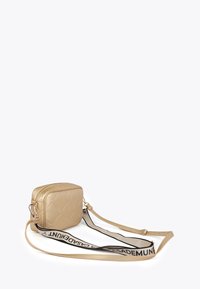 Borsa a tracolla oro trapuntata con una lunga tracolla, che mostra una superficie texture e un dettaglio del nome del marchio nero sulla tracolla.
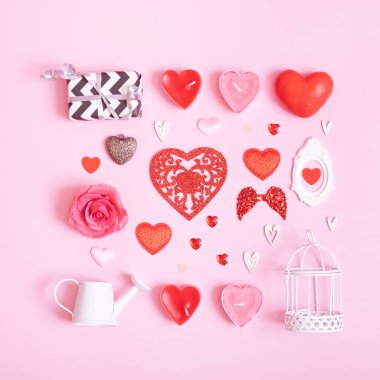 Many differente hearts and valentines day symbols elements top view. Creative valentines day flat lay background.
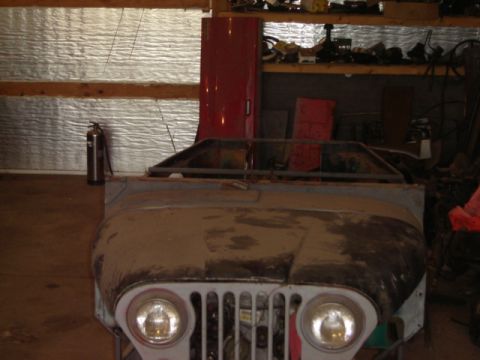 1992 Ford Bronco - The front clip of a vintage Jeep CJ-5 sits in a workshop, awaiting restoration.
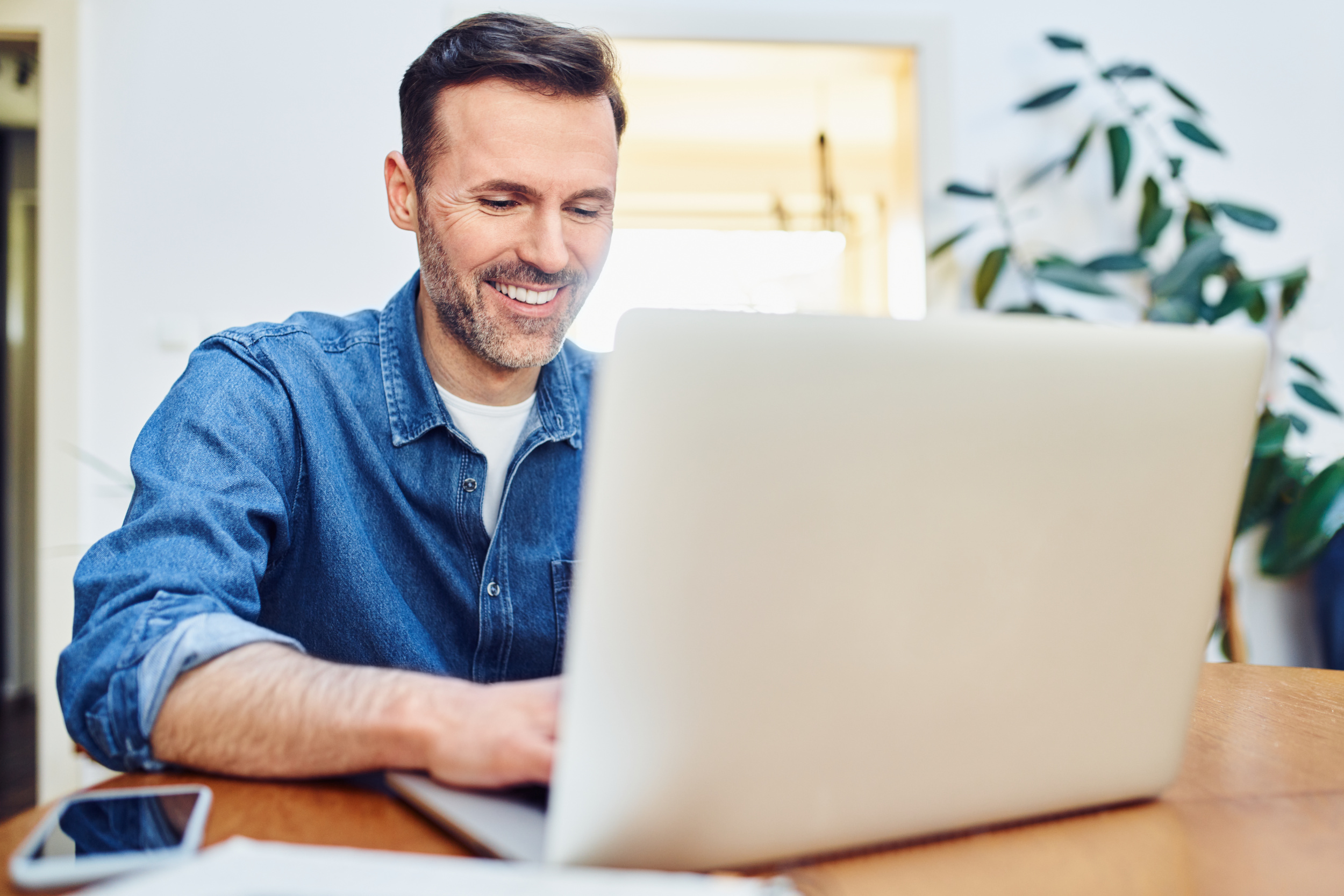 Mann sitzt vor dem Laptop und arbeitet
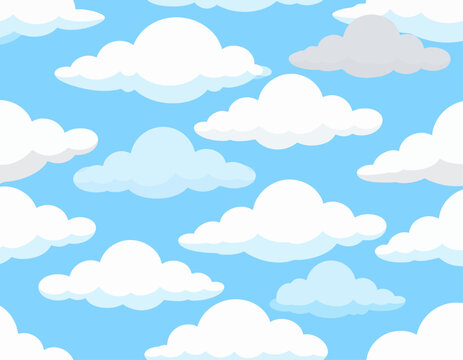 Fluffy white and grey clouds drift across a bright blue sky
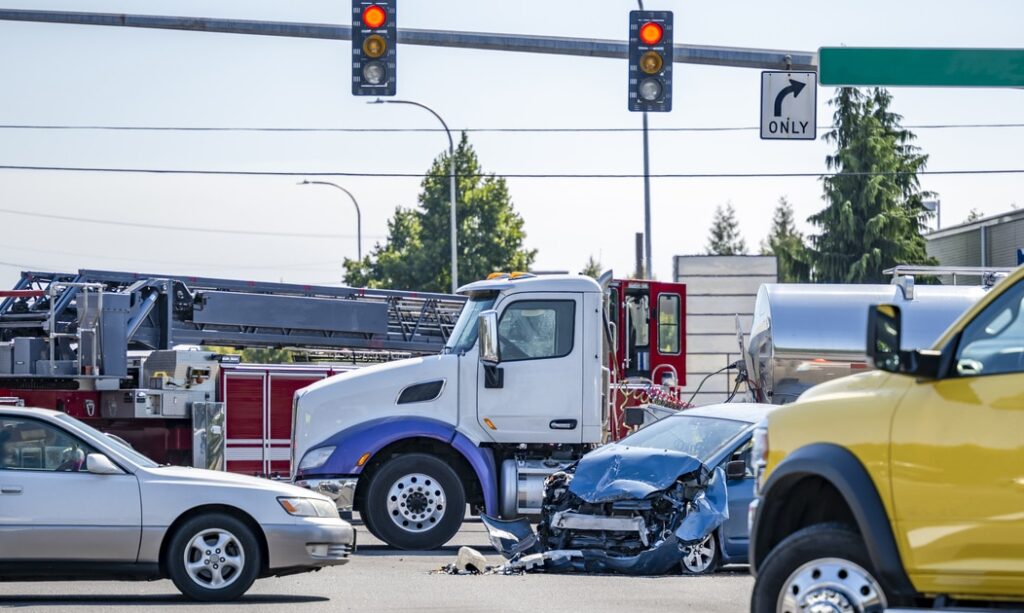 Damaged cars after a car accident crash involving a big rig semi truck with semi trailer at a Boonville Intersection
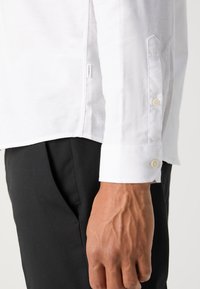 Camisa branca de manga longa com punho abotoado, apresentando uma textura suave e um rótulo lateral perto da bainha. Usada com calças pretas.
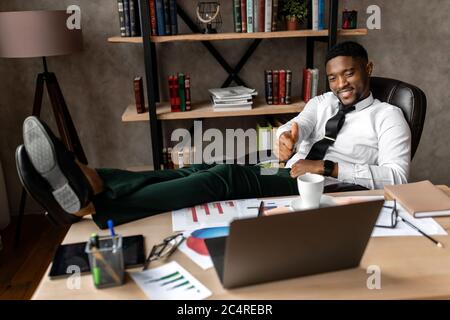 Schöner afrikanischer Geschäftsmann, der mit einem Laptop im modernen Büro arbeitet Stockfoto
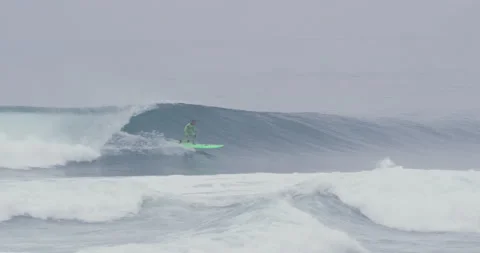 Slow motion of pro surfer Garrett McNamara surfing on small ocean wave Stock Footage 156005649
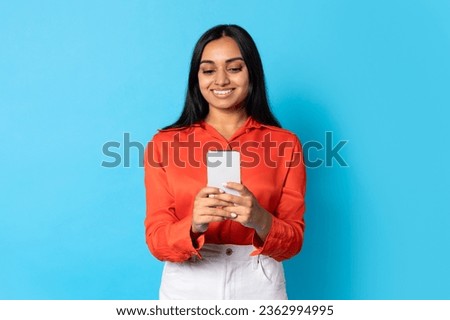 Nice Mobile Application. Smiling Young Indian Woman Using Smartphone, Websurfing And Messaging In Studio, Standing Over Blue Background. Phone User Lady Texting, Scrolling Social Media On Gadget Royalty-Free Stock Photo #2362994995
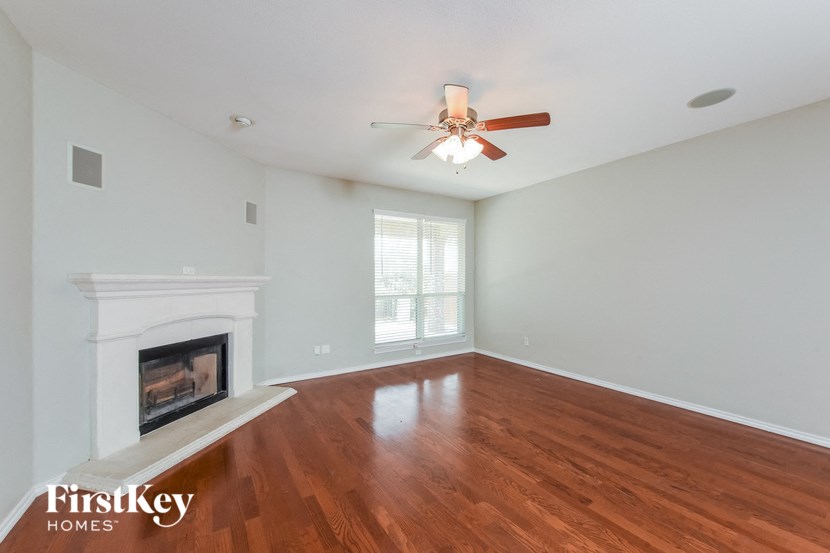 A room with a fireplace and a ceiling fan.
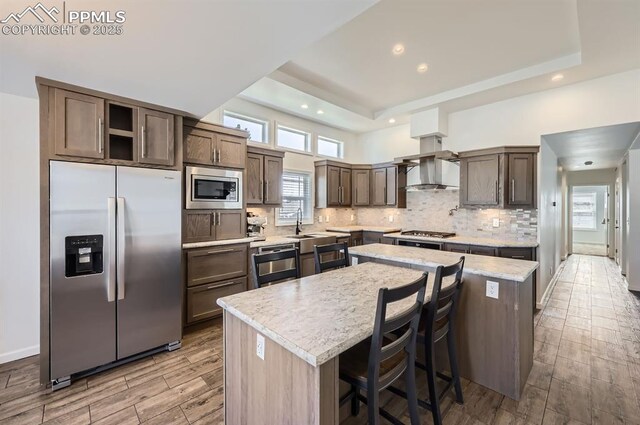 4157 Gray Fox Hts, Colorado Springs, CO 80922 - kitchen with light wood-style floors, wall chimney range hood, a center island, tasteful backsplash, and appliances with stainless steel finishes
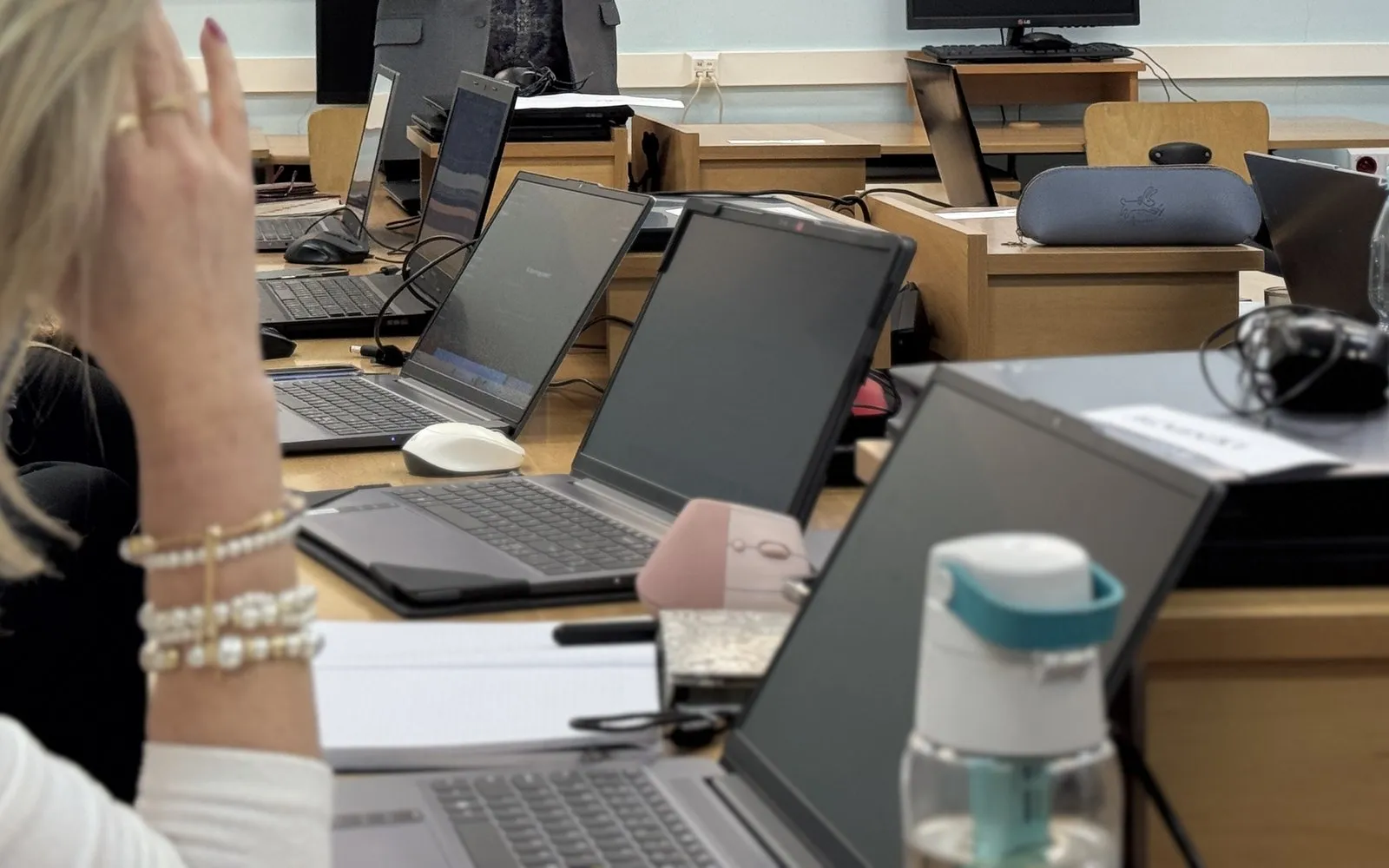 Stanowiska uczestników szkolenia: otwarte laptopy, notatniki i długopisy na ławkach w sali komputerowej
____________________
> _EXERCISE DIRECTIONS_: Of the records above, print only the lines from the one containing "1992 Ford Bronco" through the one containing "A room with a fireplace and a ceiling fan.", inclusive and unaltered, leaving out pictures.

> _EXERCISE ANSWER_:
 1992 Ford Bronco - The front clip of a vintage Jeep CJ-5 sits in a workshop, awaiting restoration.
 Mann sitzt vor dem Laptop und arbeitet
 Fluffy white and grey clouds drift across a bright blue sky
 Damaged cars after a car accident crash involving a big rig semi truck with semi trailer at a Boonville Intersection
 Camisa branca de manga longa com punho abotoado, apresentando uma textura suave e um rótulo lateral perto da bainha. Usada com calças pretas.
 Schöner afrikanischer Geschäftsmann, der mit einem Laptop im modernen Büro arbeitet Stockfoto
 Slow motion of pro surfer Garrett McNamara surfing on small ocean wave Stock Footage 156005649
 Nice Mobile Application. Smiling Young Indian Woman Using Smartphone, Websurfing And Messaging In Studio, Standing Over Blue Background. Phone User Lady Texting, Scrolling Social Media On Gadget Royalty-Free Stock Photo #2362994995
 A room with a fireplace and a ceiling fan.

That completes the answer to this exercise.